Robinson is the church’s first openly gay leader.
She also supports giving local churches the freedom to bless same sex unions.
Both issues have disturbed the more conservative worldwide Anglican Church which has asked U.S. and Canadian Episcopalians to agree to a moratorium on electing gay bishops and blessing same sex relationships.
But Ely says Jefferts Schori’s election was not meant to send a message on these issues.
(Ely) “We’re mindful that every decision we make has the possibility of being misinterpreted in the worldwide Anglican Communion, that our actions here are being watched very closely. But we can’t make every decision only through the lens of what others may think about it.”
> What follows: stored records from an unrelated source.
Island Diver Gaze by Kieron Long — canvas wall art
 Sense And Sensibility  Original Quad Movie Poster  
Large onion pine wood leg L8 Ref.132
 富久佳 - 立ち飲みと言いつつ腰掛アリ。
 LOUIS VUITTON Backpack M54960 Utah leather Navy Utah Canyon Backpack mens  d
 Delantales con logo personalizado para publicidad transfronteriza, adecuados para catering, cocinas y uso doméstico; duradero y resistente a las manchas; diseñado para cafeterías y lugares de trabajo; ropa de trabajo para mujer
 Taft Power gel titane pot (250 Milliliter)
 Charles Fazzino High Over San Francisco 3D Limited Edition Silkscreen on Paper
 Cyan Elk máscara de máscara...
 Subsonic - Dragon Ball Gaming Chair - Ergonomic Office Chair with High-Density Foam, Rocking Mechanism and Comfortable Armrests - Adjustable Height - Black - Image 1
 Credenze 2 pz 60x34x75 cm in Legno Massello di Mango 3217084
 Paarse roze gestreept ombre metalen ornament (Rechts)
(Zind) Ely says the new Presiding Bishop is someone who can work with others to help close the rift in the church.
He says resolutions being considered by delegates to the general convention will not resolve the division over gay bishops and same sex unions, but he hopes they’ll contribute to an ongoing dialogue with the Anglican Church.
(Ely) “Hopefully they’re a next step in the process that needs to continue in the next three, six, nine years.”
(Zind) Two years ago the Episcopal Church in Vermont became the second Episcopal diocese in the country to formally embrace the blessing of gay and lesbian unions.
For Vermont Public Radio, I’m Steve Zind.